## EXERCISE DETAILS
What is needed here is an exact copy of all the entries below.

[Recorded data]
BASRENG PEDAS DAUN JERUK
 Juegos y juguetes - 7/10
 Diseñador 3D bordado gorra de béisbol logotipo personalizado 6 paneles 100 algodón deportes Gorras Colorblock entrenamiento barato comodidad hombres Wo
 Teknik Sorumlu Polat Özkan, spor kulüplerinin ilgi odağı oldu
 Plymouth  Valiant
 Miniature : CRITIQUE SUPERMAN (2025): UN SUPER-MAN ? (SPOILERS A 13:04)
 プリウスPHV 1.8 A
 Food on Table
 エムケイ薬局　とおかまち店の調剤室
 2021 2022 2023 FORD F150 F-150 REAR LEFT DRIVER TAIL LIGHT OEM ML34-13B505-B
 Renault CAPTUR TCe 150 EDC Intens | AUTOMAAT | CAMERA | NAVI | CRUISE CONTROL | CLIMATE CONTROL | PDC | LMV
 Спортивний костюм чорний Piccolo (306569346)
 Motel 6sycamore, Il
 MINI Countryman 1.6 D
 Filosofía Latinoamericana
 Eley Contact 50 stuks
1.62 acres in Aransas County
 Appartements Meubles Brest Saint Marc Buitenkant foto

## SOLUTION
BASRENG PEDAS DAUN JERUK
 Juegos y juguetes - 7/10
 Diseñador 3D bordado gorra de béisbol logotipo personalizado 6 paneles 100 algodón deportes Gorras Colorblock entrenamiento barato comodidad hombres Wo
 Teknik Sorumlu Polat Özkan, spor kulüplerinin ilgi odağı oldu
 Plymouth  Valiant
 Miniature : CRITIQUE SUPERMAN (2025): UN SUPER-MAN ? (SPOILERS A 13:04)
 プリウスPHV 1.8 A
 Food on Table
 エムケイ薬局　とおかまち店の調剤室
 2021 2022 2023 FORD F150 F-150 REAR LEFT DRIVER TAIL LIGHT OEM ML34-13B505-B
 Renault CAPTUR TCe 150 EDC Intens | AUTOMAAT | CAMERA | NAVI | CRUISE CONTROL | CLIMATE CONTROL | PDC | LMV
 Спортивний костюм чорний Piccolo (306569346)
 Motel 6sycamore, Il
 MINI Countryman 1.6 D
 Filosofía Latinoamericana
 Eley Contact 50 stuks
1.62 acres in Aransas County
 Appartements Meubles Brest Saint Marc Buitenkant foto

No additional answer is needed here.